Distributed ExecutorService

[https://issues.jboss.org/browse/JGRP-1300]

New implementation of java.util.concurrent.ExecutorService over JGroups (contributed by William Burns).
Read the documentation at www.jgroups.org for details.



BPING (Broadcast Ping): new discovery protocol based on broadcasting

[https://issues.jboss.org/browse/JGRP-1269]

This is mainly used for discovery of JGroups on Android based phones. Apparently, IP multicasting is not correctly implemented / supported on Android (2.1), and so we have to resort to UPD broadcasting.

Blog: http://belaban.blogspot.com/2011/01/jgroups-on-android-phones.html



JDBC_PING: new discovery protocol using a shared database


[https://issues.jboss.org/browse/JGRP-1231]

All nodes use a shared DB (e.g. RDS on EC2) to place their location information into, and to read information from.
Thanks to Sanne for coming up with the idea and for implementing this !
Additional infos are on the wiki: community.jboss.org/wiki/JDBCPING


FD_SOCK: ability to pick the bind address and port for the client socket

[https://issues.jboss.org/browse/JGRP-1262]



Pluggable address generation


[https://issues.jboss.org/browse/JGRP-1297]

Address generation is now pluggable; JChannel.setAddressGenerator(AddressGenerator) allows for generation of specific implementations of Address. This can for example be used to pass additional information along with every address. Currently used by RELAY to pass the name of the sub cluster around with a UUID.





Optimizations



NAKACK: retransmitted messages don't need to be wrapped


[https://issues.jboss.org/browse/JGRP-1266]

Not serializing retransmitted messages at the retransmitter and deserializing them at the requester saves
1 serialization and 1 deserialization per retransmitted message.


Faster NakReceiverWindow

[https://issues.jboss.org/browse/JGRP-1133]
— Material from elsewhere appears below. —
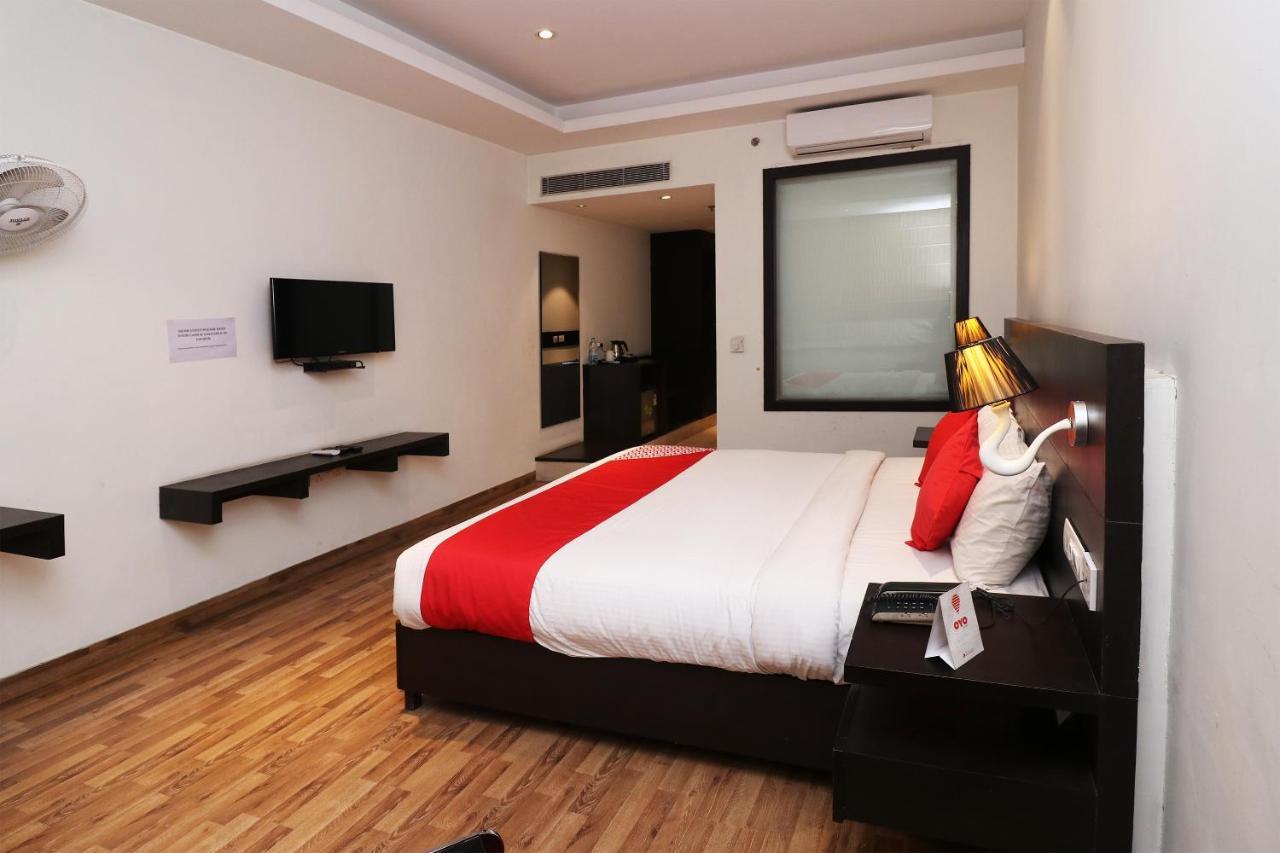 Capital O 19296 Joy Inn & Suites Bhiwadi Extérieur photo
Various optimizations to reduce locking in NakReceiverWindow:
  • Use of RetransmitTable (array-based matrix) rather than HashMap (reduced memory need, reduced locking, compaction)
  • Removal of double locking






Bug fixes



NAKACK: incorrect digest on merge and state transfer

[https://issues.jboss.org/browse/JGRP-1251]

When calling JChannel.getState() on a merge, the fetched state would overwrite the digest incorrectly.
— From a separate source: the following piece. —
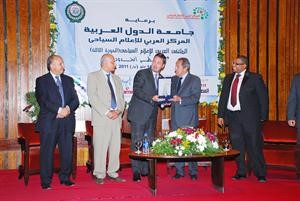 وزير السياحة المصري ونائب رئيس مجموعة الخرافي خلال افتتاح الملتقى ﻿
AUTH: merge can bypass authorization

[https://issues.jboss.org/browse/JGRP-1255]

AUTH would not check creds of other members in case of a merge. This allowed an unauthorized node to join a cluster by triggering a merge.


Custom SocketFactory ignored

[https://issues.jboss.org/browse/JGRP-1276]

Despite setting a custom SocketFactory, it was ignored.


UFC: crash of depleted member could hang node

[https://issues.jboss.org/browse/JGRP-1274]

Causing it to wait forever for credits from the crashed member.


Flow control: crash of member doesn't unblock sender


[https://issues.jboss.org/browse/JGRP-1283]
[https://issues.jboss.org/browse/JGRP-1287]
[https://issues.jboss.org/browse/JGRP-1274]

When a sender block on P sending credits, and P crashes before being able to send credits,
the sender blocks indefinitely.


UNICAST2: incorrect delivery order under stress

[https://issues.jboss.org/browse/JGRP-1267]

UNICAST2 could (in rare cases) deliver messages in incorrect order. Fixed by using the same (proven)
algorithm as NAKACK.


Incorrect conversion of TimeUnit if MILLISECONDS were not used

[https://issues.jboss.org/browse/JGRP-1277]


Check if bind_addr is correct

[https://issues.jboss.org/browse/JGRP-1280]

JGroups now verifies that the bind address is indeed a valid IP address: it has to be either the wildcard
address (0.0.0.0) or an address of a network interface that is up.


ENCRYPT: sym_provider ignored

[https://issues.jboss.org/browse/JGRP-1279]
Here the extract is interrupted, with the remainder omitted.